Он спал и опять по-детски глядел в прозрачную высь. Теперь в ней грохотало, а потом хлопнуло так, что уши заложило и к черепу прижало! Он тут же от страха обгадился; услышав наполненный болью рев матери, наложил еще и, слабея от ужаса, прыгнул к ней под брюхо. Что есть силы ухватился за теплый сосок, пронзая розовый зубами раз за разом, глотая молоко жадно, прячась в его родном запахе. Он заранее жмурился, ожидая материнского гнева и шлепка по носу. Но происходило нечто совсем странное, мать терпела, даже не рычала, он все кусал и кусал, стараясь от страха сделать побольнее, а потом случилось и вовсе непонятное. Жирное молоко кончилось. Он выпил мать до дна. Розовый сосок, всегда напряженный у него во рту, вдруг обмяк вялой плотью и стал прохладным.

И тогда из-за самой безоблачной голубизны, и еще, и еще откуда-то, из-под бесконечности, в него вошло чувствование — неживое.

Все чувствуют неживое и чаще всего относятся к нему равнодушно.

Мать не раз притаскивала неживую нерпу, и он обнюхивал тушку подолгу, покусывал с интересом, затем бросал, пресыщенный одним лишь запахом, так как был слишком мал для мяса… Потом она ела, запросто раздирая нерпу на красные куски…

Здесь же он разом осознал, что неживое относится к нему, что неживым стала его мать. И тогда он выплюнул ненужный сосок, поднялся на задние лапы, заколотил передними по брюху с соском, опадающим от смерти, и заскулил, заплакал по-своему, так отчаянно, так страстно, что один сказал другому, втягивая ноги в кабину вертолета: «Я же говорил тебе, сволочь, что она с детенышем!» — толкнул товарища в плечо с силой и крикнул пилоту, чтобы летел отсюдова прочь!

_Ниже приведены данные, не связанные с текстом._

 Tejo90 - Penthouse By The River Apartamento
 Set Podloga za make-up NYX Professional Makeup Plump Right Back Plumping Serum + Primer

А он продолжал неистово рыдать. Что-то из-под голубого сообщало ему: и он скоро станет неживым, а неживое — это смерть, и все живое боится своей смерти.

Когда сам неживой, сделал он первый вывод, вот что самое страшное! Когда неживая мать, сделал он второй вывод, то очень больно во всем теле, так беззащитно на всем снежном пространстве, и еще много, так много всего непостижимого, что в голове опять щелкает предохранитель, и тогда он вновь ложится под остывающий бок и всем животом, всем телом своим впитывает последнее материнское тепло.